Part 1 of 3 THE MINISTRY'S FINAL SUBMISSION / Part 316 / For Love and For Justice / Zabeth and Paul Bayne/
I will take the remainder of the week to tell this story.
We were allowed into the court room at 9:30 am. We easily filled the seats on either side of this smaller court room. As we waited for his Honour to enter I viewed the surroundings. On a large desk accessible to the Clerk were numerous boxes of filed exhibits and reports. On their side was marked F10073 CFCSA & Bayne.
This was September 21st, expected to be the Ministry summation by Finn Jensen and the final day in court for this case. Not so, it turned out. Jensen worked until 12:30 PM when Judge Crabtree recessed for lunch. We were back at 2:00 PM. By 3 PM we took an afternoon recess and for the second time that afternoon Mr. Jensen said he would move forward, skipping something in order to be done within an hour. At 4:00 PM Judge Crabtree asked Jensen how much more time he would require. Jensen replied, “two and one half hours.” The Judge withdrew for several minutes to discover when his schedule allowed him time to meet again and when a court room might be available. Mr. Jensen will complete his final summation on September 30th beginning at 10:00 AM.

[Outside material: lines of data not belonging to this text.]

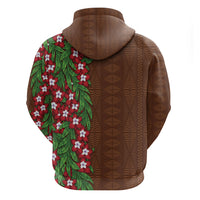 Tonga Language Week Hoodie Heilala Floral Brown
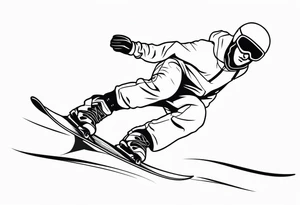 snowboarder hitting a rail of a broken humerus bone tattoo idea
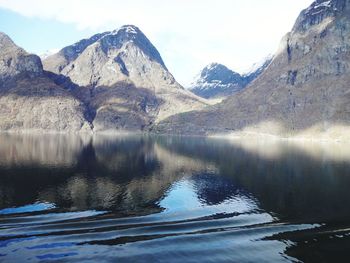 Scenic view of lake and mountains against sky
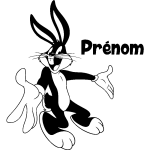 Sticker prnom personnalisable lapin content
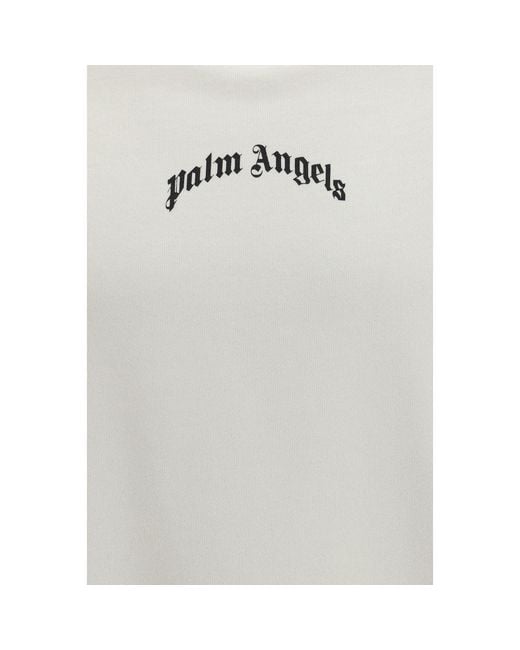 Palm Angels White Beige Cotton Sweatshirt for men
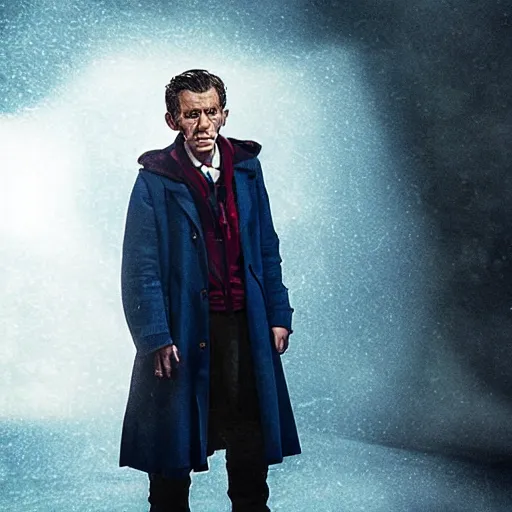 Image similar to tom holland as a rough dirty old man with a scruffy beard in a dark blue trenchcoat as the new doctor who, cinematic, volumetric lighting, f 8 aperture, cinematic eastman 5 3 8 4 film, photorealistic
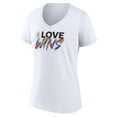 thumbnail image 2 of Women's White Seattle Mariners Love Wins V-Neck T-Shirt, 2 of 3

In addition on the 30th, Judge Crabtree will hear the Ministry's affidavit for a change of visitation times for the Baynes with their children. That was served to the Baynes and to the Judge upon arrival today. The Baynes need to consult their lawyer and prepare an affidavit as well as be prepared to speak to this application. The Ministry Director has concerns that the children's schedules are very full now and three weekly visits of three hours each is difficult to arrange and hard on them. The proposal is one 3 hour visit and then 6 hrs on Saturday. The Judge had earlier increased to three visit days rather than two and for that reason the Ministry is seeking the Judge's ruling on this suggested change. The Judge may listen to this final summation and to the responses regarding the affidavit by video to accommodate his own schedule.
Little will be gained by me making strongly biased statements so will simply relate my court observations.
“Court is in session, all rise,” the clerk says as Judge Thomas Crabtree enters, laptop in hand and takes his seat. The Judge began by drawing attention to a list of nine items, unresolved issues which still required attention. Mr. Jensen's day might be tidily segmented into two portions, the first walking the Judge through those nine items to get them all out of the way, and then getting to his submission proper.
Finn Jensen demonstrated today that he earns his pay. He was good. I am not saying that I accept all that he says. With reference to exhibits and testimonies and reports and submissions made to the court so far, Jensen gave a well articulated, understandable, plausible and logical presentation of what the judge should permit as evidence and what he should reject. He carefully, no, make that artfully sought to distance the Ministry position from the much maligned Shaken Baby Syndrome (now called Non Accidental Brain Injury), to focus attention on the gravity of a couple of the medical findings with respect to Baby B in October 2007. Those injuries were extremely severe, he told us, and consistent only with non accidental injury. He sought to deflect attention away from Dr. Colbourne as sole proponent of the SBS diagnosis to tell the judge that this was a hospital team effort, a collaboration of expert assessments that resulted in a conclusion that the body of evidence pointed to abuse. At this point, knowing that earlier in the hearing, the CCO affidavit had rested fundamentally upon the SBS diagnosis of Dr. Margaret Colbourne, and listening to him wanting to divest the Ministry of this attachment now, I was struck with the possibility that Mr. Jensen was using word play or creative concepts to say virtually, “okay forget SBS because the injury factors alone are sufficient to convince you that this was not an accident.”
As a reader you may not approve of the team for which he plays or the way they play the game, but Finn Jensen is an extremely competent lawyer. He serves his client well.
More tomorrow. I would rather have been painting.